_What you have to do_:
Copy task for the material below: print the line with "Hi, I'm Mel" and every line after it to the end, exactly as written, without the pictures.

++++

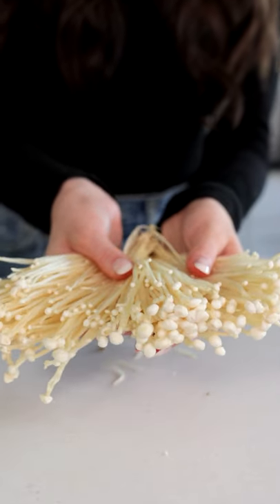We've seen this a ton on TikTok lately, so today we're going to be trying to make enoki mushroom noodles. First, you're going to start off by cutting off the ends.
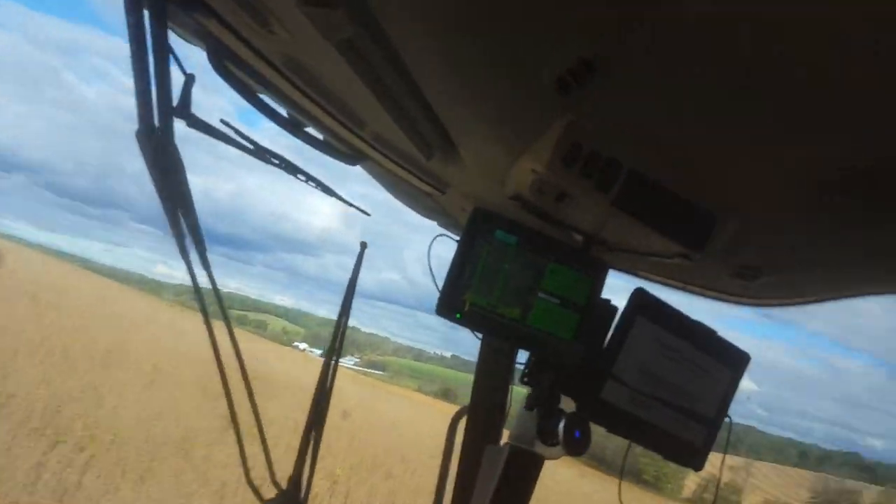If you watched one of the videos from last fall when we were harvesting down toward the real bad area — it's the same field, this is the same exact field.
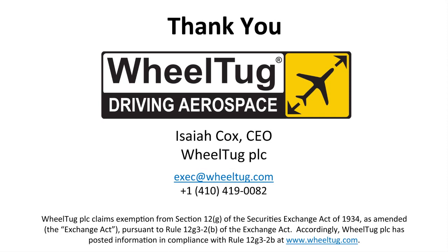Thank you very much for your time and watching this presentation. Please contact me for further questions and information. My phone number is 410-419-0082, and the email address is also as shown on the slide. Thank you.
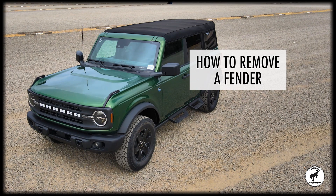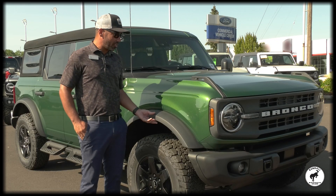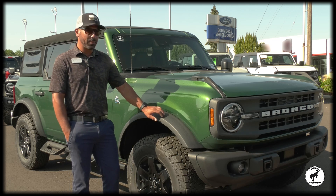Hi, I'm Mel from the Kendall Bronco Club of Eugene. Today I'm going to show you how to remove a fender on one of our new Bronco Black Diamonds. You probably want to remove a fender in case you're going a little off-road and you need a little more clearance, or you want to replace them with something different.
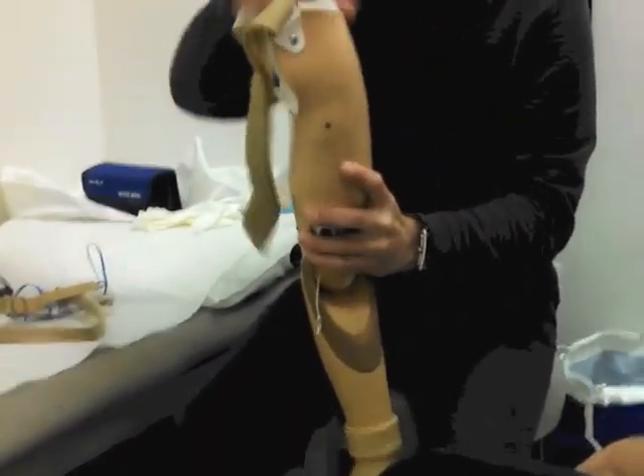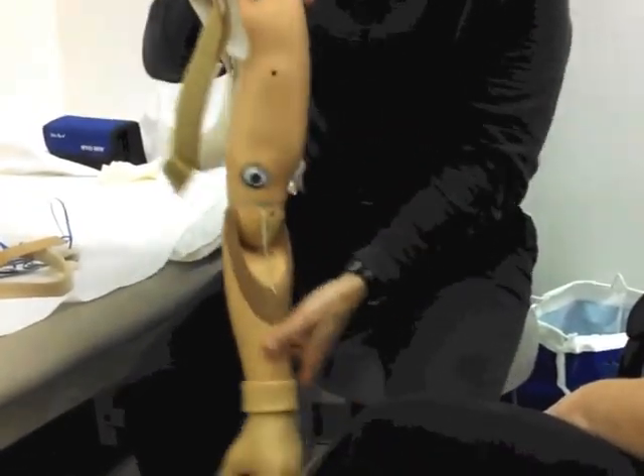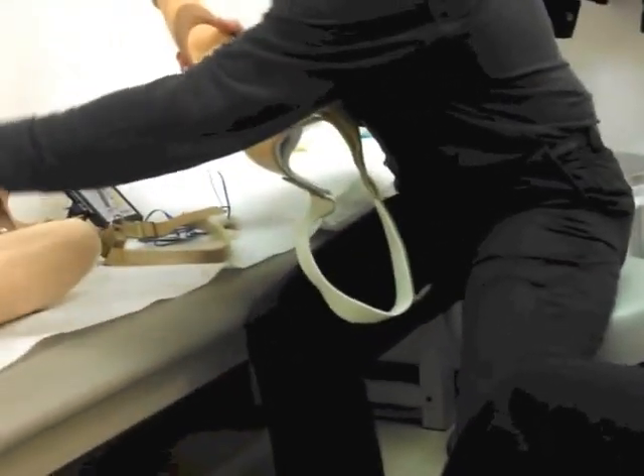Then you would Velcro this to yourself. What it does is it's a lateral pull — it's pulling it to you, keeping this socket, keeping the outside of it against you, the outside of your shoulder or the arm. So this is how it suspends with this prosthesis.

++++

_Completed task_:
Hi, I'm Mel from the Kendall Bronco Club of Eugene. Today I'm going to show you how to remove a fender on one of our new Bronco Black Diamonds. You probably want to remove a fender in case you're going a little off-road and you need a little more clearance, or you want to replace them with something different.
Then you would Velcro this to yourself. What it does is it's a lateral pull — it's pulling it to you, keeping this socket, keeping the outside of it against you, the outside of your shoulder or the arm. So this is how it suspends with this prosthesis.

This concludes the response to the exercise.